Participaram da pesquisa diversos países, entre os quais o Brasil, representado por cientistas que integram o Instituto Nacional de Pesquisas da Amazônia, o Museu Paraense Emílio Goeldi, o Instituto de Pesquisa Ambiental da Amazônia, a Universidade Federal do Acre e a Universidade de Oxford.
“Se o sequestro de carbono realizado pelo planeta diminuir, ou se, em vez de sequestrar carbono as áreas de florestas emitirem, os níveis de dióxido de carbono aumentarão em uma velocidade maior. Por isso, cortes profundos nas emissões de carbono serão necessários para estabilizar o clima”, destacou Phillips.
O estudo, uma colaboração international entre mais de 40 instuições, teve como base a extraordinária seca que afetou a Amazônia em 2005. O episódio ofereceu aos cientistas uma ideia dos efeitos das futuras mudanças climáticas na Amazônia. Estima-se que o aquecimento das águas do Atlântico Norte possa fazer com que a estação seca na Amazônia se torne mais intensa e mais quente.
A seca inverteu drasticamente o processo de absorção de carbono que ocorria há décadas, quando a Amazônia contribuía para diminuir os efeitos das mudanças climáticas.
Normalmente, a floresta absorve quase 2 bihões de toneladas de dióxido de carbono por ano, mas a seca em 2005 causou perda de mais de 3 bilhões de toneladas.
“Visualmente, a maior parte da floresta parecia pouco afetada pela seca, mas nossos dados mostram que a taxa de mortalidade de árvores aumentou. Devido à imensa dimensão da região amazônica, mesmo uma pequena alteração ecológica pode provocar um grande impacto no ciclo global do carbono”, disse Phillips.
“Algumas espécies de árvores, incluindo palmeiras importantes, foram especialmente afetadas, mostrando que a seca ameaça também a biodiversidade”, disse Abel Monteagudo, do Jardim Botânico de Missouri, em Oxapampa, no Peru, outro autor da pesquisa.
O estudo envolveu 68 cientistas de 13 países que trabalham na Rede Amazônica de Inventários Florestais (Rainfor), iniciativa internacional de pesquisa que se dedica ao monitoramento das florestas ao longo de toda a região. A rede é coordenada pelas universidades de Leeds e de Oxford, no Reino Unido.
Para calcular mudanças no estoque de carbono, os cientistas examinaram mais de 100 parcelas de inventários florestais ao longo dos 600 milhões de hectares da Amazônia, identificaram e mediram o crescimento de mais de 100 mil árvores e registraram tanto árvores mortas como novos exemplares.
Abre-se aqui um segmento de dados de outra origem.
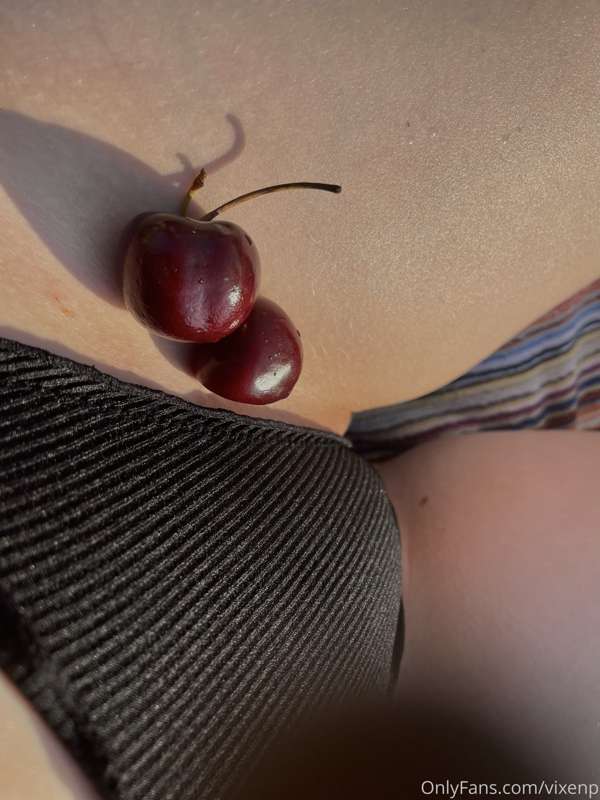 Juicy 🍒 1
Os cientistas ainda mediram e mapearam cuidadosamente os padrões climáticos da região.
O estudo revelou que, durante pelo menos 25 anos, a floresta amazônica agiu como sequestradora, retirando dióxido de carbono da atmosfera. Processo similar também ocorre na África. Nas últimas décadas, as florestas tropicais têm absorvido um quinto do carbono emitido mundialmente pela queima de combustíveis fósseis.
Contudo, esse processo foi revertido em 2005. A mortalidade de árvores mostrou-se acelerada em regiões onde a seca foi mais intensa e mesmo em locais com seca menos severa as florestas foram afetadas.
A Amazônia abriga mais da metade das florestas tropicais do mundo, cobrindo uma área de 6 milhões de quilômetros quadrados. Nenhum outro ecossistema do planeta abriga o enorme número de espécies, tampouco exerce tamanho controle no ciclo do carbono.
O artigo Drought sensitivity of the Amazon Rainforest, de Oliver Phillips, Luiz Eduardo Oliveira e Cruz de Aragão e outros, pode ser lido por assinantes da Science em www.sciencemag.org.